Проходит еще неделя-другая в бестолковом учении и в приступах отчаяния. И новый удар, еще более жестокий, а для Г. роковой. Ранее товарищей по казенной гимназии можно было кончать курс только держа экзамен в качестве ученика частной гимназии. Г–в по последнему распоряжению учеником частной гимназии не считался, бывшие его товарищи кончали курс только в будущем году, а потому и мой бедный друг в этом году не мог быть допущенным к экзаменам. Тут Г–в освирепел. Его ремарки заполнялись с лихорадочной быстротой. Громы и молнии сыпались с их страниц на виновников его неудач. Счастье, что ремарки не попали в руки кого следует, или, вернее, кого не следует, а то не миновать бы их автору, при тогдашних обстоятельствах, больших неприятностей. Он собирался фабриковать взрывчатые вещества, мечтал о приобретении отравленного кинжала, вклеил в тетрадь дневника портрет Бакунина, а о существующем строе выражался так, что волос подымался дыбом. Мало того, мой друг серьезно был озабочен, как бы ему найти «конспиративную квартиру», поядовитей, и предложить ей свои услуги. Случилось даже, что на одной студенческой вечеринке он напился с известным Кибальчичем, с ним вместе ворвался из буфета в зал и стал танцевать мазурку. Танцоров вывели, а Кибальчич признался Г–ву, что он социалист. Всё это Г–в подробнейшим образом заносил в дневник. Прочтите воспоминания г. Л. Тихомирова о его революционном прошлом, как велись тогда следствия по политическим делам, и что тогда между прочим причислялось к политическим преступлениям, и вы согласитесь, что моему другу могла грозить серьезная опасность. По счастью, ничего страшного не произошло, а мой друг через какой-нибудь месяц, с блаженным выражением лица, сознался мне, что он влюблен.
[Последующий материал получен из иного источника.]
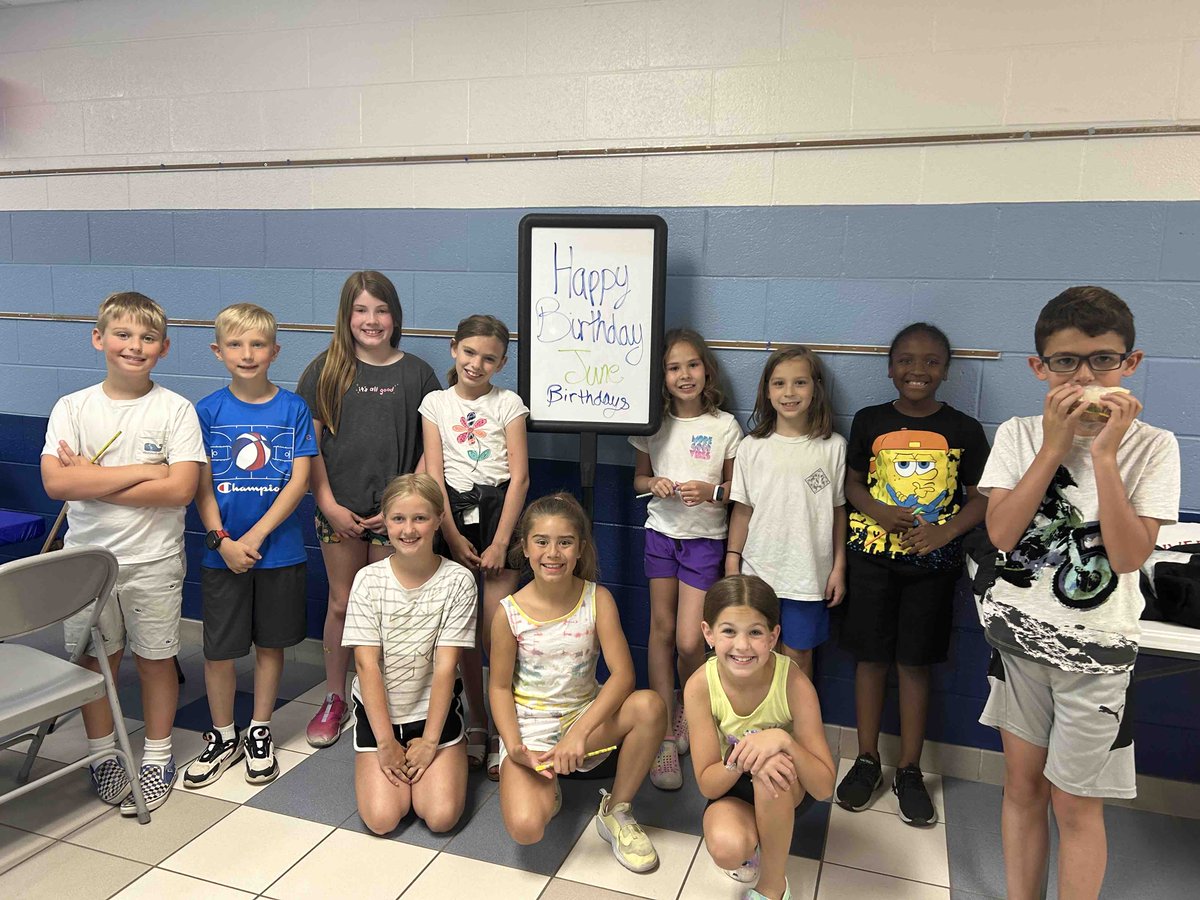 Webber Elementary tweet media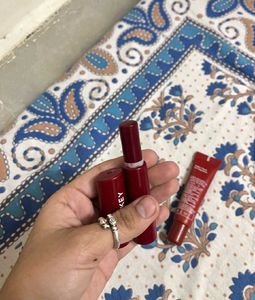 Dot &amp; Key Lip Balm SPF 50+ Cocoa Mint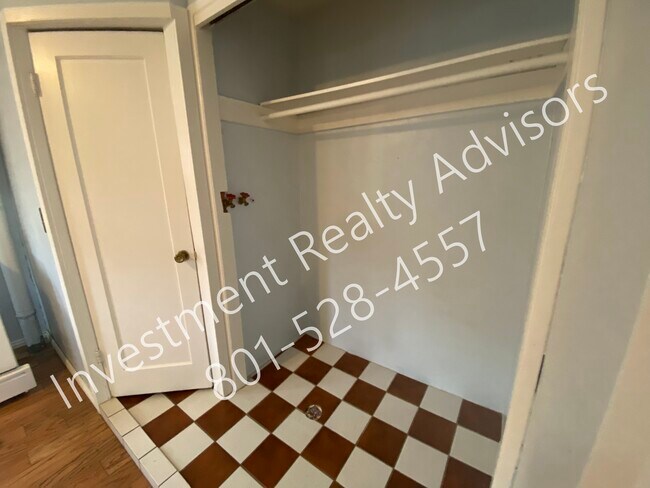 Building Photo - Charming One-Bedroom in Payson!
— Мы катались на чухонце, — рассказывал он мне. — Чухонец вывалил нас в сугроб, и я ее в это время поцеловал. А она, брат, она на это — ничего! Ясно, она меня тоже любит. Боже мой, как хороша жизнь! Как жалею я тебя, что ты не влюблен. Влюбись, брат!
Всякие кинжалы и конспирации были забыты. В любовном чаду Г. примирился даже с тем, что его экзамены отсрочены еще на год, и задолго до окончания учебного года уехал домой.
Я остался один со своими тревогами, страхами и надеждами. В одиночестве они переносились еще тяжелей. Я чувствовал, что не готов к экзаменам и не в состоянии подготовиться в остающееся короткое время. В гимназию я не ходил, потому что там занялись своими учениками, а на подобных мне не обращали уж ровно никакого внимания. Приходилось работать одному. Способности мои были далеко не блестящие, механической памяти, для заучивания наизусть, у меня никогда не было, склонность к литературным упражнениям, мечтательность и жажда жизни всё возрастали. Вместо того, чтобы учиться, я уходил к моему другу Э. и просиживал там дни и ночи до утра, заслушиваясь его задушевных импровизаций и проводя время в обществе новых тургеневских героинь. По правде сказать, героини эти были далеко менее тургеневскими, чем два года тому назад, в провинции, но недостающее дополнялось воображением. Вернешься домой, ляжешь спать, — не спится: всё играет музыка, а музыку слушают героини. Поутру нападает ужас: еще день потерян, экзамены еще ближе, а успехов никаких.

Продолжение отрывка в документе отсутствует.